In the view of the Baha'i International Community, communication projects aimed at altering attitudes and behaviour towards women and women-related issues are crucial to the success of the recommendations of the Secretary-General. Development communication is already a firmly established field of effort. Preliminary research on existing attitudes determines both who are the target audiences and what are the appropriate messages for each audience as well as the appropriate vehicles for dissemination of those messages.
Frequently, an important message may need to be directed towards a group that is not the beneficiary. A primary target for communication related to development projects for women may well be men. Each country must determine what level of intensity of the communication strategy will be most effective: an intensive campaign, brief in duration but high in profile, or one that is cumulative, reaching smaller audiences but building up over a period of time.
In addition to the mass communications media, appropriate vehicles for carrying message of change in rural areas are activities such as folk theater, songs and puppetry. These can reinforce discussion in the more traditional open forums.
A mutually reinforcing relationship arises when individual initiative, as shown by women participating in women's programmes, is supported by the village. This process of developing a community spirit to support and fortify individual efforts on the part of women is brought about through an education and communication programme which precedes project activities.

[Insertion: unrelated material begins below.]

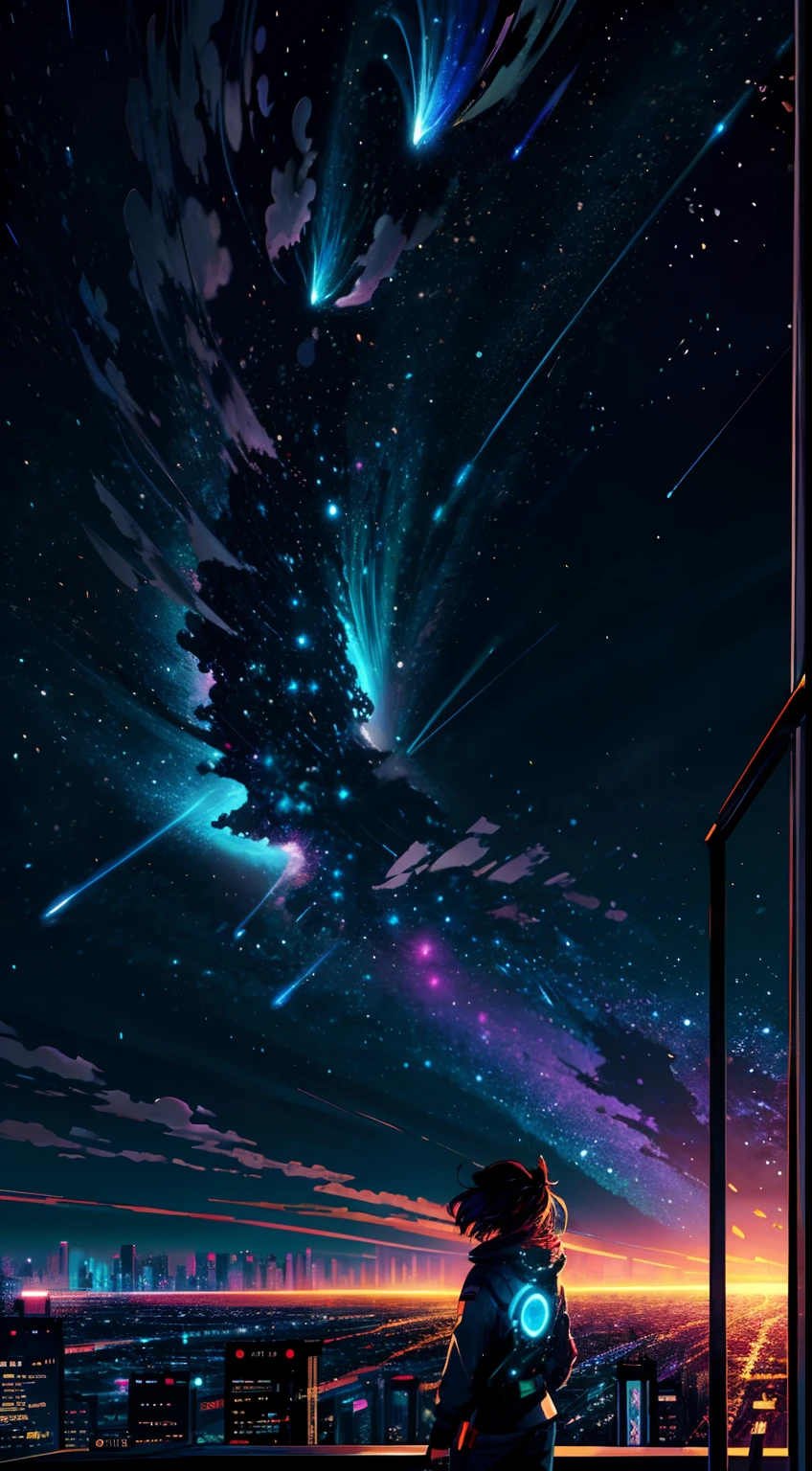 ((Nighttime psychedelic shooting star Sky))、Anime girl looking at big city landscape, futuristic cyber City、 makoto shinkai cyril rolando, anime art wallpaper 8K, anime art wallpaper 8K, Anime art wallpaper 8K, inspired by Cyril Rolando, in the style dan mumford artwork, amazing wallpapers, by Yuumei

It is the effort to achieve such a progressive, dynamic and, above all, harmonious relationship that characterizes Baha'i programmes of social development.

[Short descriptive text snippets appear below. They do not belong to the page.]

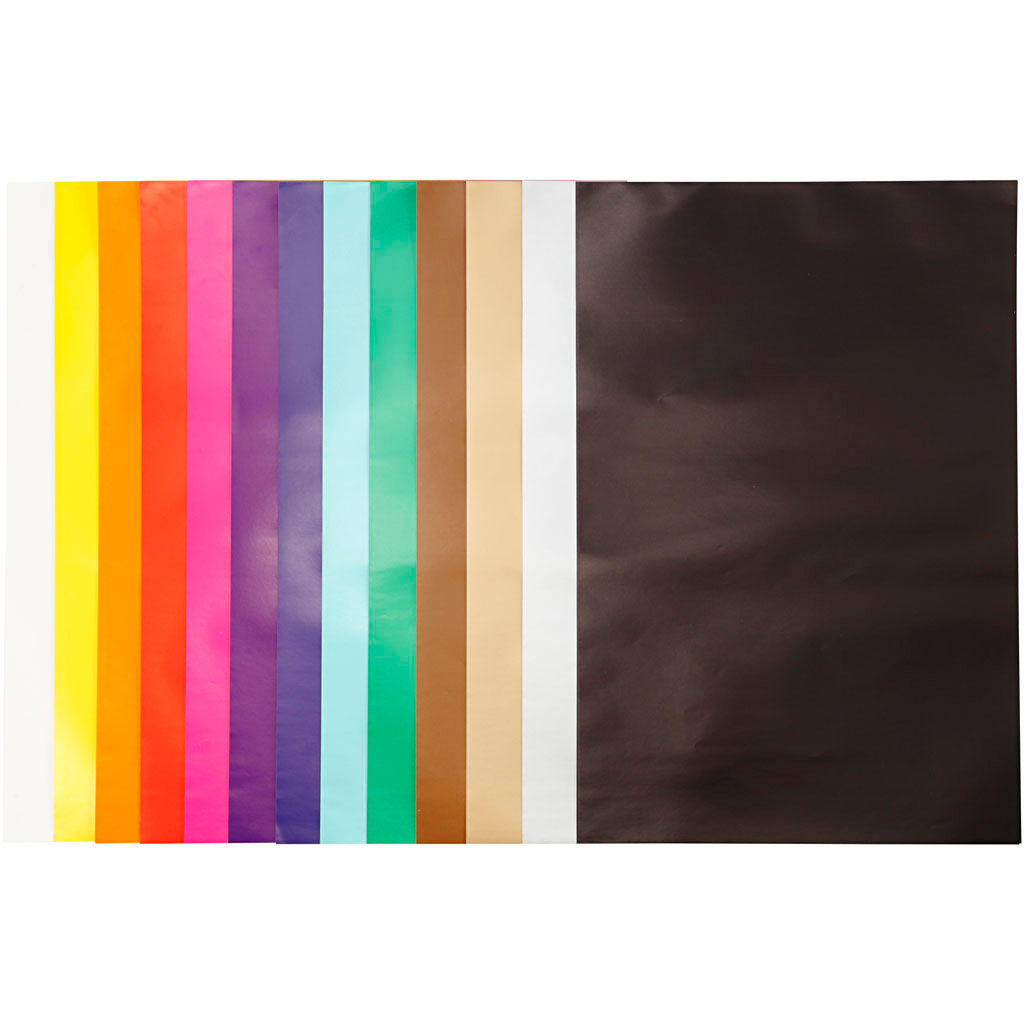 Papel glaseado colores surtidos 32x48 cm 80 g — 100 hojas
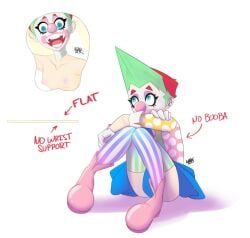 ass clown clown_girl clown_makeup clown_nose flat_chest gloves hunched_over knees_together_feet_apart looking_up meme mouse_pad polka_dot rainbow_clothing sad sitting skirt stockings striped_stockings suspenders thighs tomboy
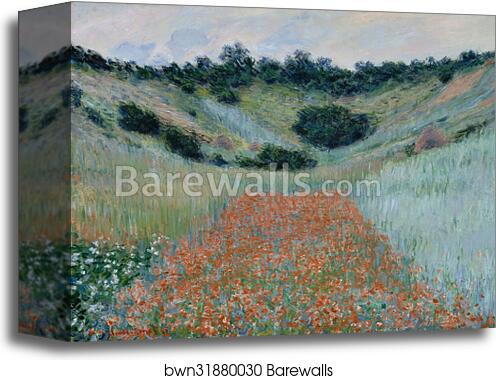 Poppy Field in a Hollow near Giverny by Claude Monet, Canvas Print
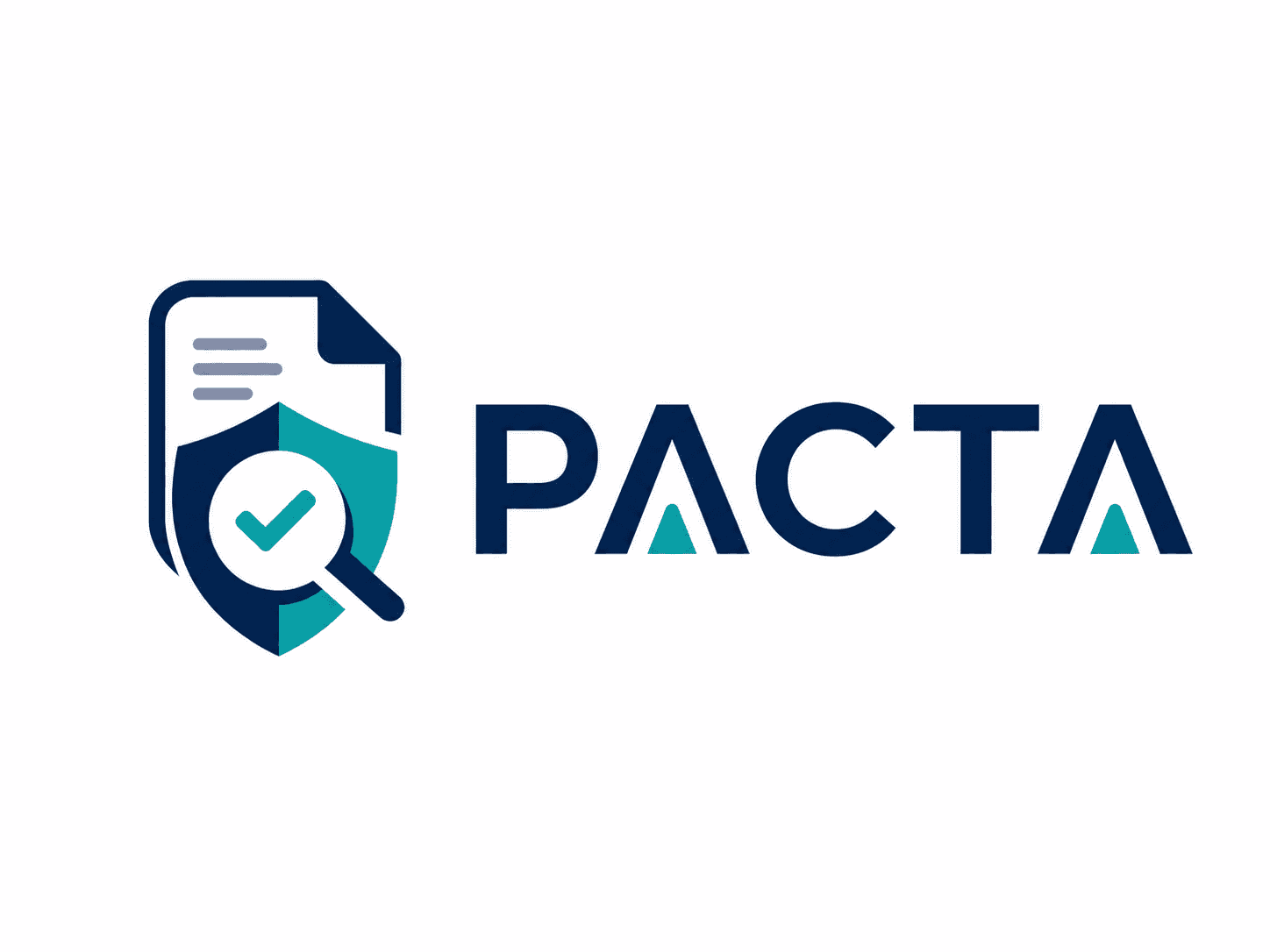 문서와 보호 방패 아이콘, PACTA 이름으로 구성된 AI 계약서 관리 로고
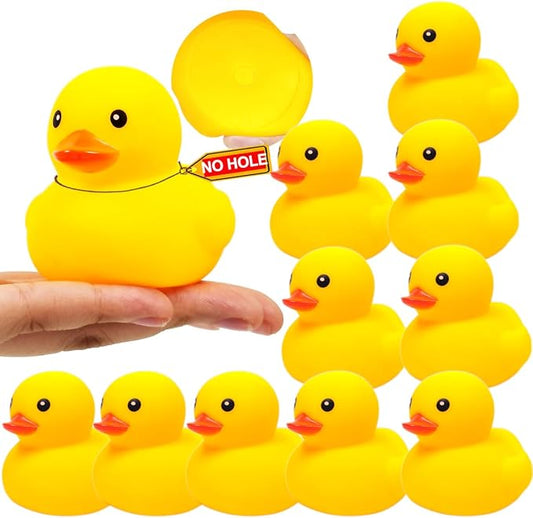 3 Inch 10 Pcs Kalafona Rubber Bathtub Duck/Duckie Waterproof No 'Bebe' No Hole Funny Bath Swimming Pool Toy Without Hole for Kids Birthday Party Favor Home Decor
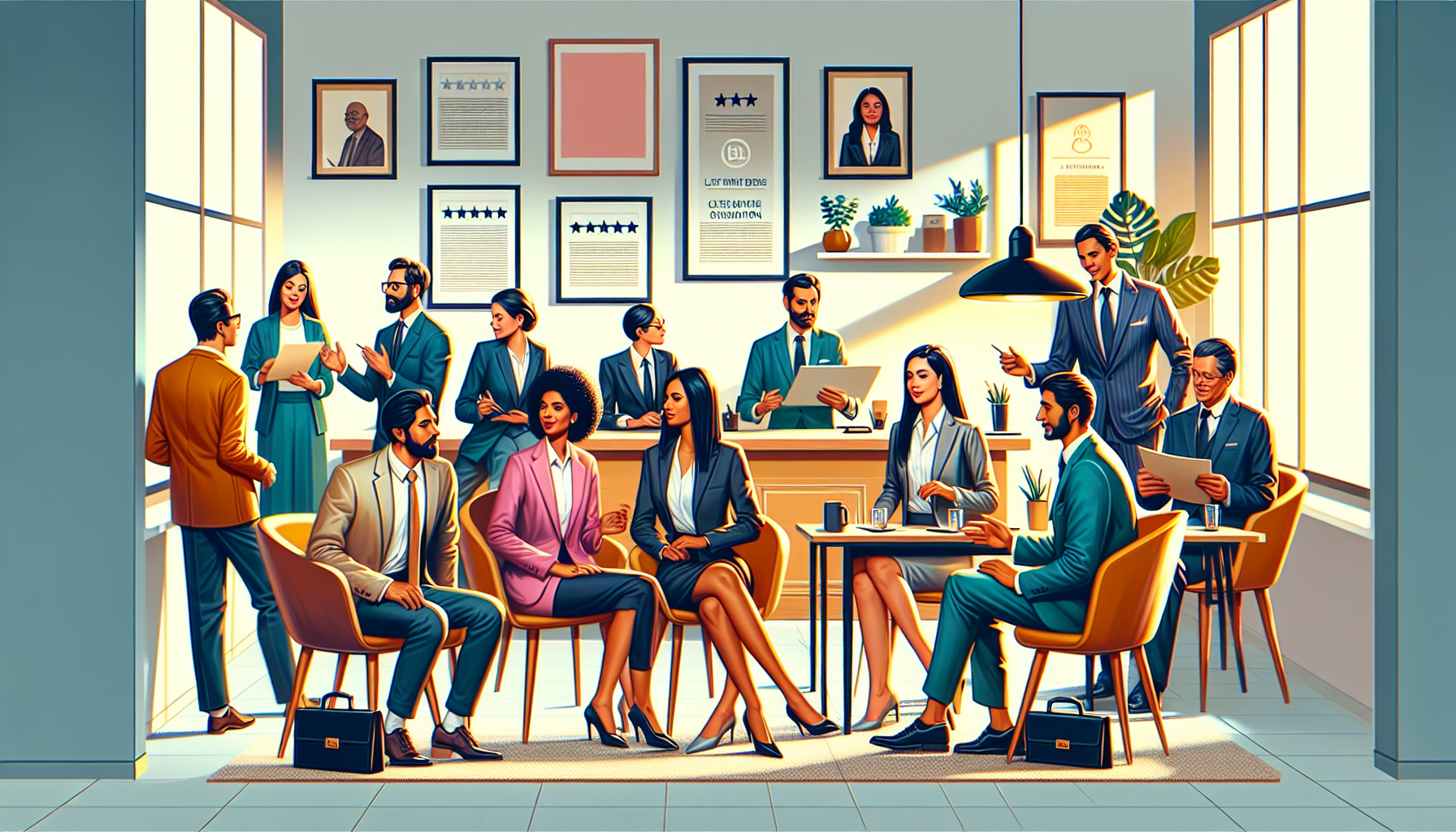 An office of Morgan and Morgan Law Firm bustling with activity, with attorneys and clients engaged in discussions; on the walls are framed testimonials and five-star reviews from satisfied clients, highlighting their trust and loyalty.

The fundamental concept underlying the two-fold approach of communication and education is that change in behaviour and attitude can be legislated but cannot always be enforced. What legislation can do is to allow new ideas to permeate a community, be reflected upon, and finally be adapted and adopted in a harmonious and non-aggressive way. A programme of communication and education fosters dialogue and draws participants into the development process to the point where the stimulus for change comes from within the community. This maximizes the prospects for continuity after external support has ceased.

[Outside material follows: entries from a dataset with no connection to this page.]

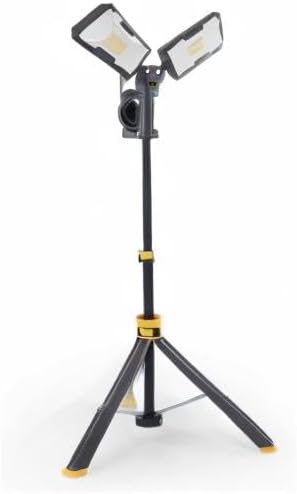 LUTEC ?륶pgraded??6290Max 11000 Lumen 92W Dimmable LED Work Light with Telescoping Tripod, Adjustable Color Temperature Dual-Head Work Light with Stand and 8 Ft 3-Prong Power Cord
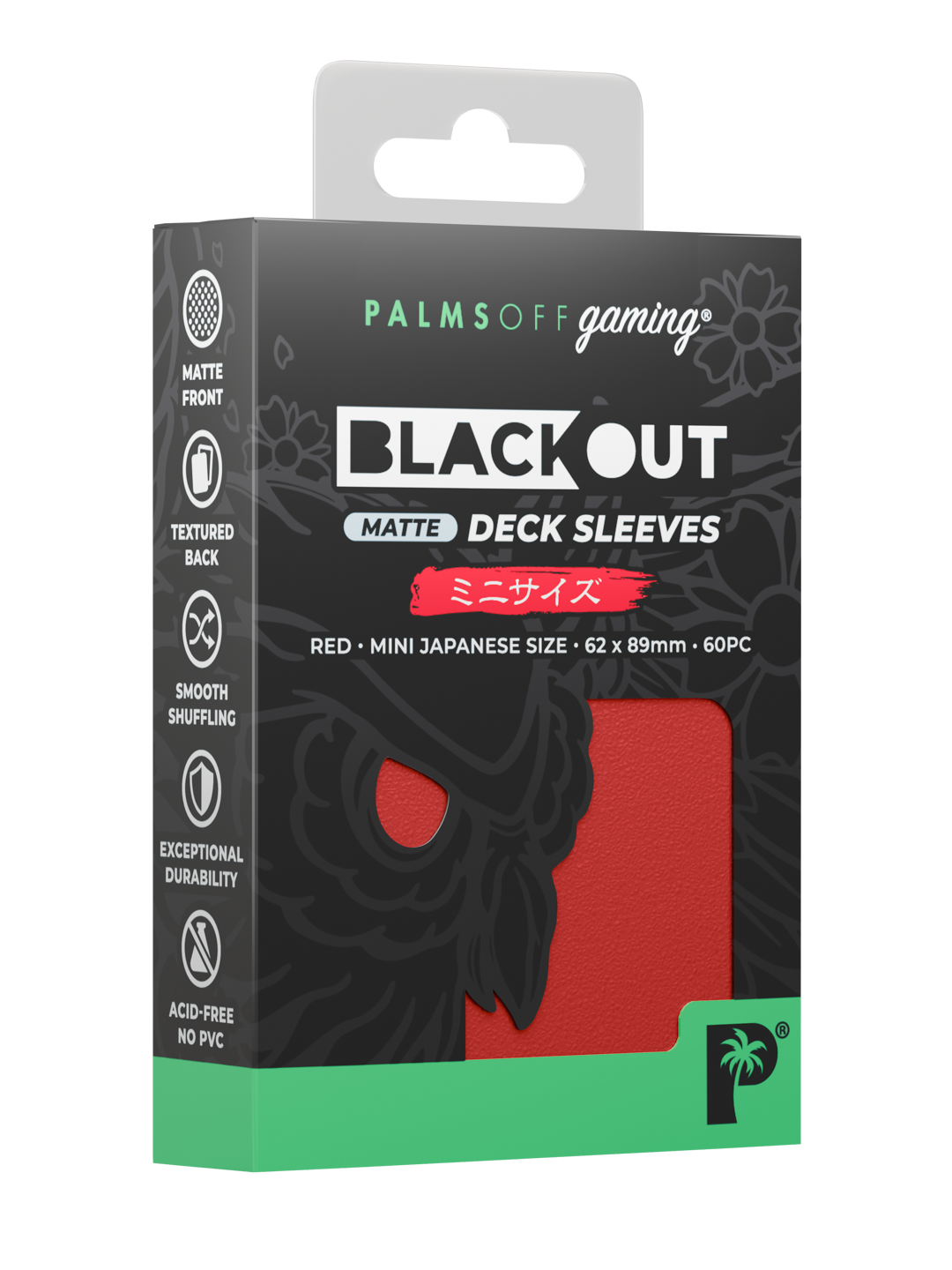 Palms Off Gaming Blackout Deck Sleeves — Japanese Mini Size, Matte — Red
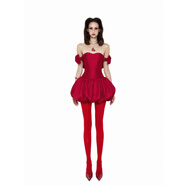 LSOUL Chili Dress 紅色蓬松時(shí)尚禮服設計感宴會(huì )連衣裙 S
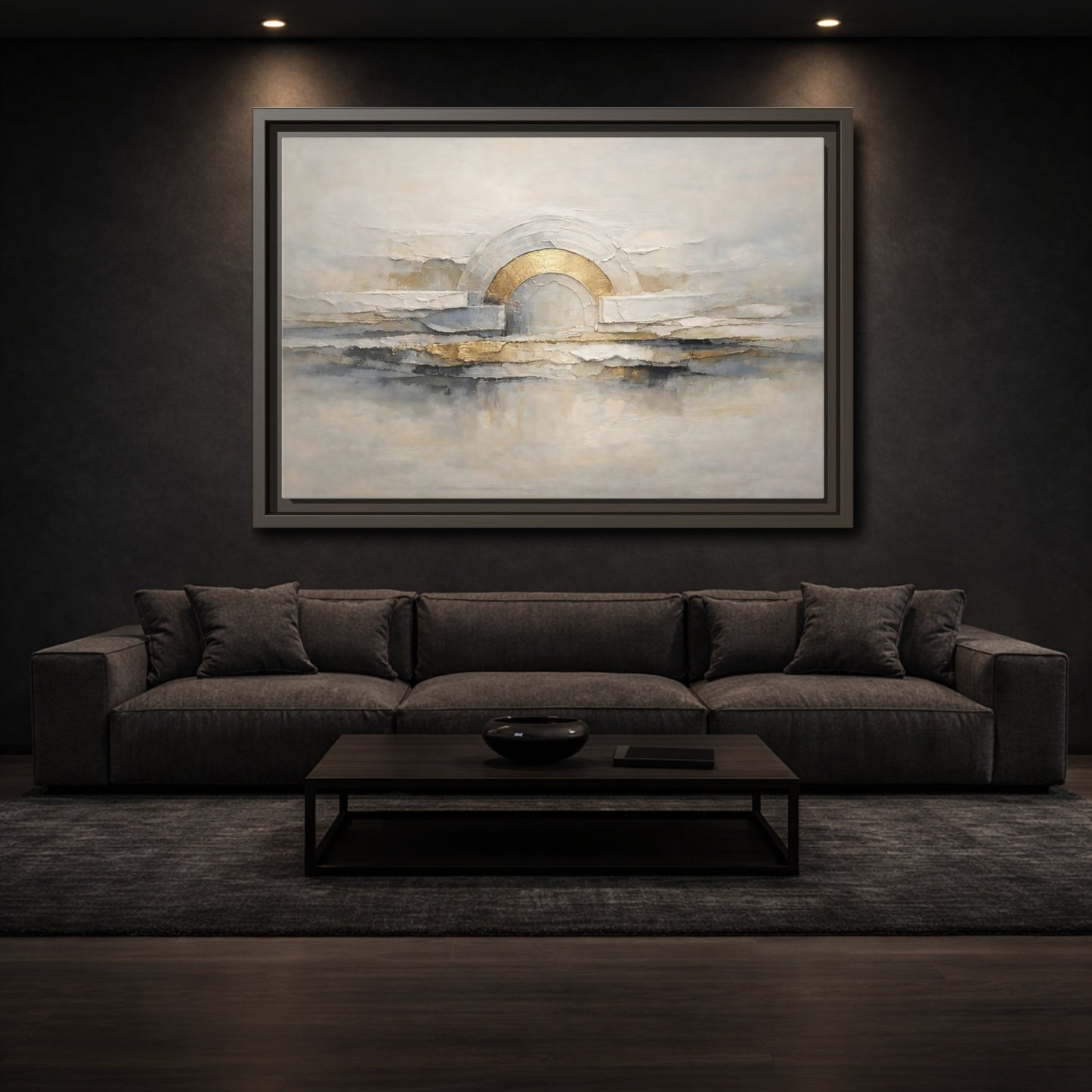 Mockup 2. Abstract Abstract Arch Grey And Gold Textured shown as stretched canvas wall art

The Baha'i International Community offers these views and recommendations as a contribution towards developing a framework within which development activities can take place. It fully supports the recommendations contained in the report of the Secretary-General and is ready to offer every possible assistance in disseminating these guidelines.
The Secretary-General has received the following statement, which is circulated in accordance with paragraphs 29 and 30 of Economic and Social Council resolution 1296 (XLIV).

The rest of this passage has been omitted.